The third lesson is that policy cannot ignore culture. Many Nigerians do not use these products because they are ignorant of the risks. They use them because of deep pressures tied to job prospects, marriage expectations, social media beauty standards, and the long history of colorism. If we only attack the products without confronting the beliefs that make them attractive, we will drive the trade further underground without reducing demand. Because tell me why healthy skin is supposed to be without blemish? Who made that rule!!!
So what should Nigeria do differently?

First, we need a serious, joint enforcement strategy. NAFDAC cannot do it alone.

Customs, Standards Organization of Nigeria, law enforcement, and health authorities need a shared plan to identify, test, and remove toxic SBSL products from circulation. This includes random checks in markets, salons, and spas, as well as targeted operations against wholesale importers. Publicizing seizures and naming brands and locations will send a signal that this is no longer a “harmless” trade.

Second, regulators must move into the online space. Social media has become one of the biggest “shops” for these products. NAFDAC and other agencies can work with platforms, major influencers, and payment services to flag and remove vendors who sell clearly illegal products or refuse to list ingredients. Just as platforms now respond to complaints about fraudulent investment schemes, they should respond to evidence of illegal toxic creams.

Third, we should strengthen labelling and ingredient rules and actually enforce them. Any product that touches the skin should have a clear ingredient list, batch number, manufacturer information, and NAFDAC registration that can be verified by consumers. Products without these basics should not be treated as harmless “side hustle” items; they should be treated as high-risk.

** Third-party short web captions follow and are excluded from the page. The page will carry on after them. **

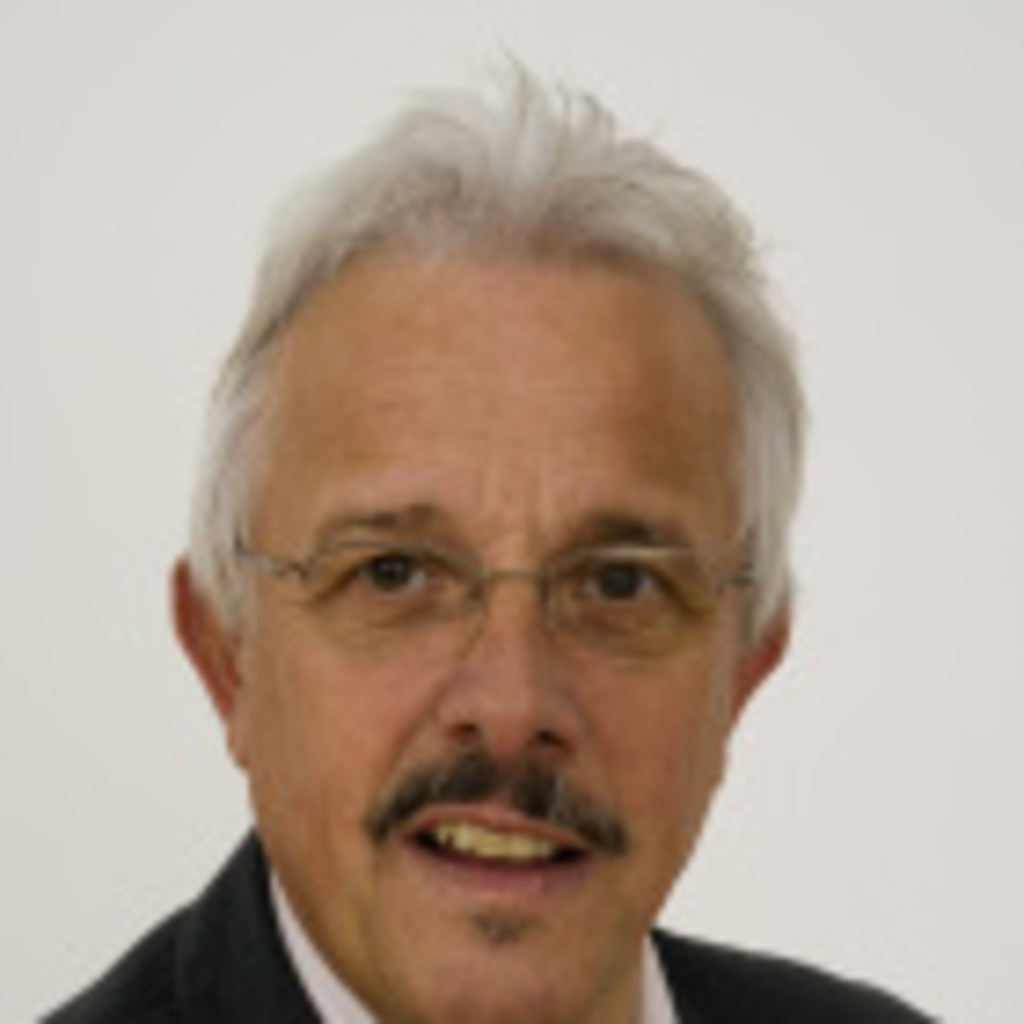 Hans Müller Ausbildung und Berufserfahrung XING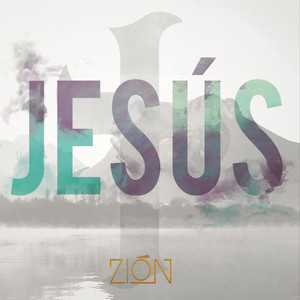 Jesus album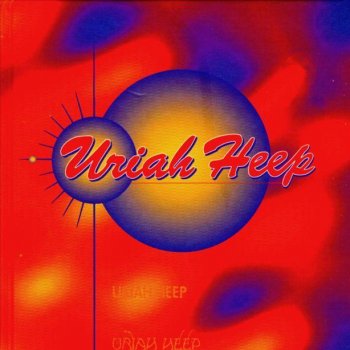A Time Of Revelation 25 Years On By Uriah Heep Album Lyrics Musixmatch Song Lyrics And Translations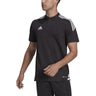 adidas Condivo22 Polo Shirt - Mens Soccer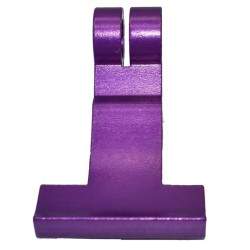 Kugoo motorolerio s1 s2 s3 sulankstoma svirtis Kugoo - 1  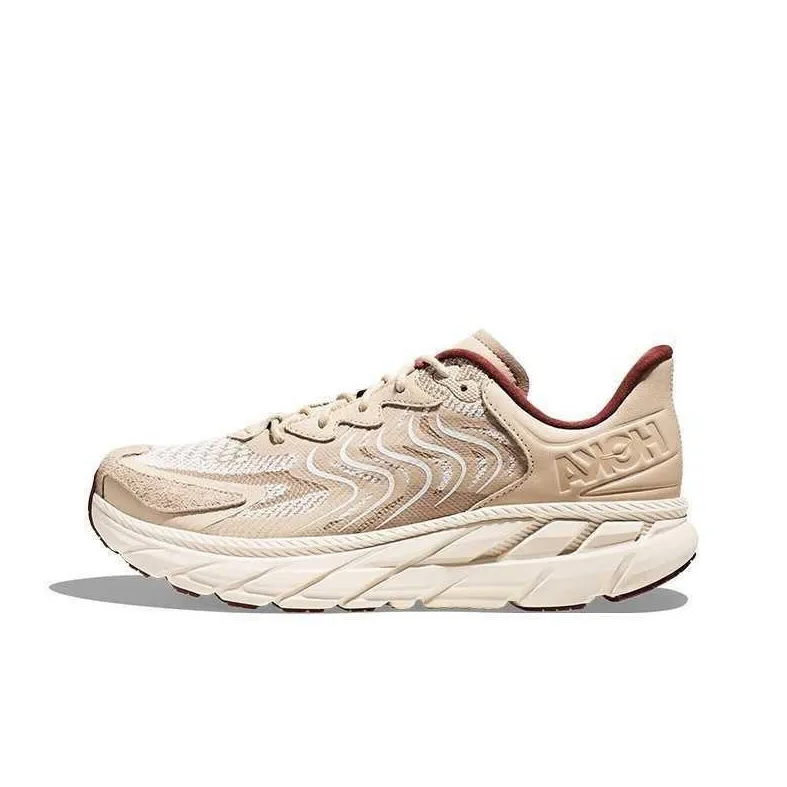 ECOALF Sneaker bassa 'ELIO' blu fumo Clifton Chunky heel Sneakers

Fourth, we should bring dermatologists and other qualified clinicians to the center of this conversation. Some Nigerians do have genuine medical reasons for wanting to treat hyperpigmentation, melasma, or acne scarring. The answer is not to shame them or leave them in the hands of untrained mixers. The answer is to make safer, regulated, and supervised care more accessible. This might mean clearer guidelines on when and how prescription products like hydroquinone and topical steroids may be used, and strict consequences for pharmacies and clinics that abuse them.

Fifth, and most importantly for the long term, Nigeria needs a national campaign that says plainly: your skin is not a blemish to erase. This campaign should not be a one-off poster or a generic TV jingle. It should bring together health professionals, schools, Nollywood, musicians, influencers, religious leaders, and community groups to challenge the idea that lighter skin is automatically better, more employable, or more beautiful. It should show real stories of people who have been harmed by “toning” and celebrate the many shades of Nigerian skin as something to protect, not bleach away.


We have done this before for other issues. We have run campaigns on HIV (Generation-Negative 2022), on COVID-19 (#CelebrateResponsibly, 2021), on polio (wild polio-free certification, 2020), on tobacco (Don’t Burn Their Future,2024), and on drug abuse (WADA, 2021). We know that when we combine clear policies with strong public messaging and real enforcement, behavior can change.

The question is whether we are willing to treat toxic SBSL products as seriously as they deserve. Not as a private women’s problem. Not as something to joke about on Twitter. But as a national health and consumer protection issue that affects skin, kidneys, babies, self-esteem, and even our environment.

Nigeria has already signed the global treaties. We already have NAFDAC regulations. We already have expert dermatologists and public health specialists raising the alarm. What is missing is political will, coordination, and a clear message to traders and consumers that this chapter is coming to an end.

If we can regulate codeine syrup and clamp down on fake drugs, we can regulate toxic “lightening” creams.
Our skins and the generations coming after us deserve nothing less.